We’re a bit tired of Chicago, a world-class city that still attracts corporate headquarters, from being cast as an evil entity. We want Chicago schoolchildren to succeed as much as we want students in other areas of the state to succeed.

No wait. We didn’t say that. The Rockford Register Star said that in an editorial on Sunday. The paper was urging Gov. Bruce Rauner to get over himself and sign a bill that would improve the way the state spends money on schools.

EDITORIAL

We do say this:

Rauner calls the bill a “bailout” for Chicago, but it’s easy to bang around downstate Illinois blasting Chicago fat cats.

No wait. We didn’t say that, either. The Quad City Times said that in an editorial on Saturday. The Times, like the Register Star, was asking the governor to quit playing politics and sign the bill.

Not that Rauner was about to oblige them, or any of the other dozens of editorial boards, school superintendents and civic groups — up and down Illinois — urging him to sign Senate Bill 1. On Tuesday, as expected, he issued an amendatory veto of the bill, throwing education funding up for grabs weeks before schools are scheduled to open.

To our thinking  — and we really are speaking for ourselves now — it’s a cryin’ shame. Illinois has had its fill of foolish stand-offs between the governor and the Legislature, and SB 1 is better than just a bill worth signing. It’s a historic chance to reform education funding, easing decades of financial inequities between rich and poor school districts.

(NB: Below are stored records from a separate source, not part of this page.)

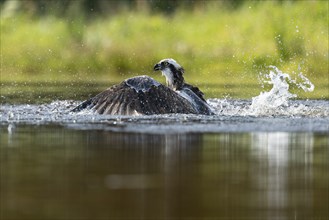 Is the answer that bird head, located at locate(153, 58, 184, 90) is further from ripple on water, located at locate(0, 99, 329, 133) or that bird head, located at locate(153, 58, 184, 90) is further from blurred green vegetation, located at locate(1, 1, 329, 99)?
blurred green vegetation, located at locate(1, 1, 329, 99)

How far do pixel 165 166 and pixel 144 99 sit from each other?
6972 millimetres

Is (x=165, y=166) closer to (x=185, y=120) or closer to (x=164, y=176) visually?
(x=164, y=176)

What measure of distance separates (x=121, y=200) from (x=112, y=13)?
44729 millimetres

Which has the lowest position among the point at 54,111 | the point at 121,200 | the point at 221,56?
the point at 121,200

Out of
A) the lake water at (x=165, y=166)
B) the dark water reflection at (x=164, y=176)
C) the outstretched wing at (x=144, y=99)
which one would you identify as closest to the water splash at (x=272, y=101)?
the lake water at (x=165, y=166)

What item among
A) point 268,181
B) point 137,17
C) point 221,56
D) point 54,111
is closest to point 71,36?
point 137,17

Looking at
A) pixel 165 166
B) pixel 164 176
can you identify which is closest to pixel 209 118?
pixel 165 166

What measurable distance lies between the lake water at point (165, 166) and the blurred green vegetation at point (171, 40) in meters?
22.6

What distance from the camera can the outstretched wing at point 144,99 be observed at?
1867 cm

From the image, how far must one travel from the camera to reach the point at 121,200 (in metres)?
9.70

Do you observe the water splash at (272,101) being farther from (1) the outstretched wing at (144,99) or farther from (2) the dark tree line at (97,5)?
(2) the dark tree line at (97,5)

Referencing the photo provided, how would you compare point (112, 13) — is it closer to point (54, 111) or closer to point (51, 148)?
point (54, 111)

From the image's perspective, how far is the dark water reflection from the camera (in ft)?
30.3

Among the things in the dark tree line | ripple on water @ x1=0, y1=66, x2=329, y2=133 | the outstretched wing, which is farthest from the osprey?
the dark tree line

But Rauner’s beef is that the bill is too kind to Chicago, so he wants the Legislature to make it less kind, though we’d say it’s not so kind at all. Just, for once, fair.

The new school funding formula, as laid out in the bill, would do away with a sizable block grant to Chicago’s schools starting in the 2018-19 school year, pick up Chicago’s pension costs in the same way the state now does for every other school district, and “hold harmless” school funding for one year, meaning no district could receive less this year than last.

But so be it. Let the negotiations begin. Because neither Rauner nor House Speaker Mike Madigan has the votes to dictate an outcome. There must be a rejiggering of the bill that both sides can live with.

We just don’t understand why Rauner thinks Senate Bill 1 is the hill on which to die.

Actually, the Quad City Times said that. But we agree.